I took a screenshot of the email from @zohozer and tried the latest feature on it.
Bugs:
I am using the latest version.
Some of the text is not detected properly.
The blue highlighted area is not detected. If I click within it, there is no response.
If I click outside it, gImageReader shows me the detected text as labels.
@zohozer
- An ability to continuously move the cursor between different fields using only the Left/Right cursor keys instead of using the TAB key to move between fields. [...]
This could be done, I'll need to check with the client.
- Possibility so select multiple words at once using the mouse cursor. [...]
This is a bit harder.
- Up/Down arrow keys to go to the beginning of the new word, instead of selecting the entire word how it is right now.
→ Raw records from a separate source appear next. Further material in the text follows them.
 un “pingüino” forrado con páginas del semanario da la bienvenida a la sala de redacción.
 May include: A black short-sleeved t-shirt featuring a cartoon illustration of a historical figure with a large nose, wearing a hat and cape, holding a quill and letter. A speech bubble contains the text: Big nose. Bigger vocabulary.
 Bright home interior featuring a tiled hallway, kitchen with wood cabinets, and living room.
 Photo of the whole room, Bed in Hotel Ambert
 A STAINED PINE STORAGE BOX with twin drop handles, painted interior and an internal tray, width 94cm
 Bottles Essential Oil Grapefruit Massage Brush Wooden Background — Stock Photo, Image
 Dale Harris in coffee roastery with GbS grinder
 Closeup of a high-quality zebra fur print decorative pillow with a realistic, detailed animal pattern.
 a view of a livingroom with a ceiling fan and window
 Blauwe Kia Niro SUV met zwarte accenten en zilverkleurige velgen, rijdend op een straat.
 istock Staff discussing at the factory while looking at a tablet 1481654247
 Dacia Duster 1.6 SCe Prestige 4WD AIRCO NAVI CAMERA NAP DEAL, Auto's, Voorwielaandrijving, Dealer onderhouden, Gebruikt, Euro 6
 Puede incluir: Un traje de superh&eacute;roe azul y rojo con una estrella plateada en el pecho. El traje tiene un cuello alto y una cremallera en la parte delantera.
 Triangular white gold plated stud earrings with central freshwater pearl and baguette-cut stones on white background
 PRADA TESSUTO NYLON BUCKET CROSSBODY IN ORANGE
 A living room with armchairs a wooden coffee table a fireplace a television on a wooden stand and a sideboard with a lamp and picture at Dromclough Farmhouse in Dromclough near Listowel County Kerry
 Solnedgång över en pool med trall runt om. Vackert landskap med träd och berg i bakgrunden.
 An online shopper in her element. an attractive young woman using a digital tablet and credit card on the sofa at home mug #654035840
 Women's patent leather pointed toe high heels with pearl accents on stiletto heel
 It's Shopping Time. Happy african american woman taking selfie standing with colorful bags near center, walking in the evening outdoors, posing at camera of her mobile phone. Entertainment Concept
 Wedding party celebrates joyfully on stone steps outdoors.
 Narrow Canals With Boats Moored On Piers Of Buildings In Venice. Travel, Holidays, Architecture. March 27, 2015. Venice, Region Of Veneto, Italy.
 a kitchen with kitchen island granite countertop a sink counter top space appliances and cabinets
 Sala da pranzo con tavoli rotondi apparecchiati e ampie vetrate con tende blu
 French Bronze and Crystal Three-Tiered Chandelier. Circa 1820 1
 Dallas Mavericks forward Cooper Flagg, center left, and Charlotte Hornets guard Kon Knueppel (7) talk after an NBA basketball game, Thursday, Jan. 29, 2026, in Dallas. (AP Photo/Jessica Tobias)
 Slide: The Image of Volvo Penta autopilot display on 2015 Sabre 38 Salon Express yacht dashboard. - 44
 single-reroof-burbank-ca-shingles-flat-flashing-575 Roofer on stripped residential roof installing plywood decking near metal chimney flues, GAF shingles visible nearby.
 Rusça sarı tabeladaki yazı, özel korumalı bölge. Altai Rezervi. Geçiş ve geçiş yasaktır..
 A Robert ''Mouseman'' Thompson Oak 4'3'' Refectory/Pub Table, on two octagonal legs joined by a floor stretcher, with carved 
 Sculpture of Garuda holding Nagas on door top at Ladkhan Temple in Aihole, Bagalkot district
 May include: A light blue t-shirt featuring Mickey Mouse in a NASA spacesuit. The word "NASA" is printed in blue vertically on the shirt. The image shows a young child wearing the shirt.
This could be done, I'll need to check with the client.
- An INSERT shortcut key. I do not have a keyboard with an INSERT key, and I need an Insert shortcut.
Can't you define such a key mapping at OS level? Would be a better place to do it rather than implement a shortcut at application level.
@raindropsfromsky
Can't you define such a key mapping at OS level? Would be a better place to do it rather than implement a shortcut at application level.
Unfortunately not. And the only software I found on Mac to support insert (overtype) mode is the SublimeText using the CMD+Alt+o shortcut. As my keyboards are missing the INSERT key, it is not possible to have any workarounds for this limitation, unfortunately. I spent a lot of time searching for other options and none of them are working.
I am attaching the image that can be used to reproduce the problem. But I think this problem has nothing to do with the image itself...
All the lines from top till middle produce tiny detected text.
Here, I selected a word from the second line, which produced tiny text:
But the very next line produces a normal font of detected text.
Here's the hOCR file and image to be OCRed: Trial.zip
It's because the font size detection logic fails miserably with the I
, which is not terribly surprising... I'll need to improve that.
@raindropsfromsky https://github.com/manisandro/gImageReader/commit/dce0871d0de6202246e323b6e95199c27db7849e should address this
If the comparacope feature is implemented, all this hard work is not necessary, as the superimposed text can be directly compared with the original. Much faster and more accurate!
comparacope
What's that?
If the comparacope feature is implemented, all this hard work is not necessary, as the superimposed text can be directly compared with the original. Much faster and more accurate!
That may be the workflow you feel is best, other people have other requirements.
comparacope
What's that?
Issue #449
If the comparacope feature is implemented, all this hard work is not necessary, as the superimposed text can be directly compared with the original. Much faster and more accurate!
That may be the workflow you feel is best, other people have other requirements. Very true.
BTW there is the problem I described here also...
BTW there is the problem I described here also...
See above:
What does the hOCR tree structure show? In case, here also please share image + hOCR file.
@manisandro Nowadays multiple releases are coming up almost on a daily basis. That's great!
I'd like to support this by testing each release rapidly and reporting issues (if any). But there is a problem: I cannot guess what's the change in each release (comparing code is tedious).
Can you please include a release note with each release (a simple text file in the "Assets")?
Thanks in advance!
@raindropsfromsky Those are automated builds, not stable releases. You should pick most of the news by looking at the git commit log, usually the messages should be indicative enough.